Various nests (or spy cameras?). Also odd markings on trees. Looks like scrapings from falling trees maybe?
Uh-oh! End of the road? A fallen tree in the way. There were a lot of trees down but for the most part, people had cut them out of the way.
My kayak will fit under, but I won’t.
So, I tried backing up and going full speed, to get my kayak to leap over it! No luck – just bounced off!
Time to turn around and go back.
After about 4 hours out there, back to the launch. It will take quite a while to clean the kayaks off.
Our path. Not really sure of the ending point only because I had no GPS signal. Very nice day. Thanks God for another great one!
Kathy and I figured we would get at least a couple days of biking and hiking in before the weather took a turn for the worse (Hurricane Dorian). Chincoteague is always a favorite spot. First we biked over to the Bivalve Trail on the bay side.
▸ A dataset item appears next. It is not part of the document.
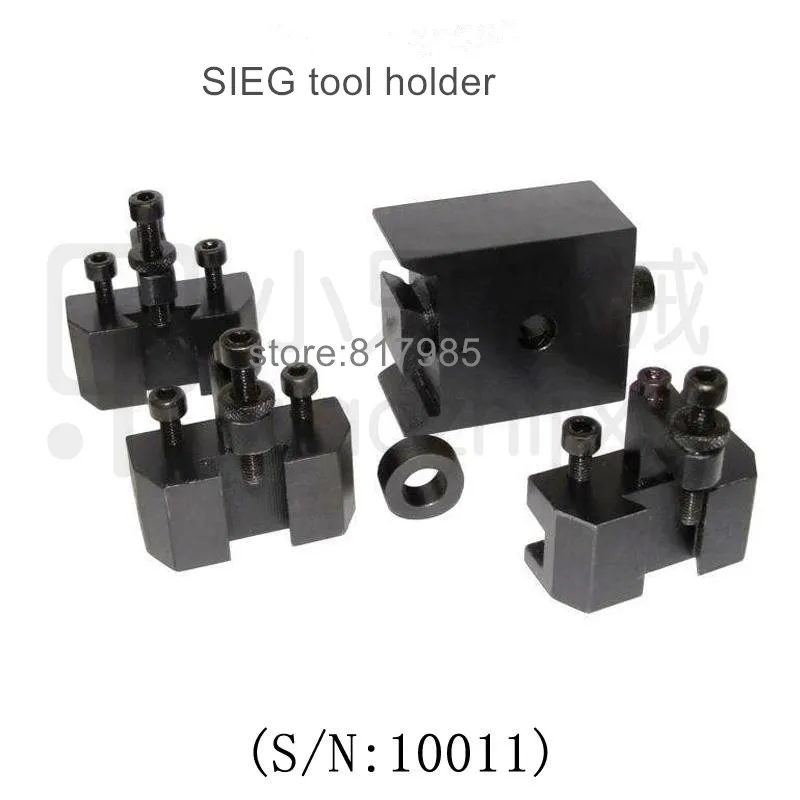 SIEG lathe accessories holder S / N10011 small turret lathe machine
Then we headed over to the ocean.
Packed up and headed through town to see if we could find a decoy carver’s shop. No luck but found this old house – Sign on left says: Capt. Timothy Hill House. Islands oldest home. 1800. Another sign says privately owned, visitors welcome.
Nice day out Sunday so we headed out to go hiking. Our first stop was Trap Pond State Park in Laurel Delaware. They wanted $8 to get in?? They wouldn’t accept our Maryland State Pass nor our National Park Pass. And you would think it being Memorial weekend veterans could get in free! Nope! Not that we didn’t have the money – it was the principal. Maryland has lots of parks we can go to so we headed down Rte 13 to Leonards Mill Park. Their Website says they have a hiking trail – they don’t! It’s more of a visitor information center and park.
Kathy went in to get some info brochures.
I checked out the view.
We knew there is a boat launch in here somewhere, so we looked for that. Nice little bridge. some kids fishing down stream.
Sluice gates need adjusting.
Found the boat ramp. Get in here and head under the bridge to a larger pond. Looking forward to that.
The visitor center folks said we could hike at a park on Naylor Mill Road. So we headed there next. It is called the Henry Parker Sports Complex. Lots of mens slow pitch softball going on here. It has a trail, but it looks more like a mountain bike course.
The trail(s) [multiple switch-backs] were not marked for hiking with hash marks. We just headed towards the opposite area of the ball fields. Below the hill where Kathy is, is Leonard Pond Run. Couldn’t really get to it.
There were a lot of frogs on the trail.
More of the bike course.
Short hike but enjoying nature. Old growth trees.
The layers just peal away and fall to the ground.
Back to the car and Molly now has her own Yeti Tumbler. Spoiled dog!
Lesson for today – investigate where it is you are going before you go! Still a great day to be out. Thanks God.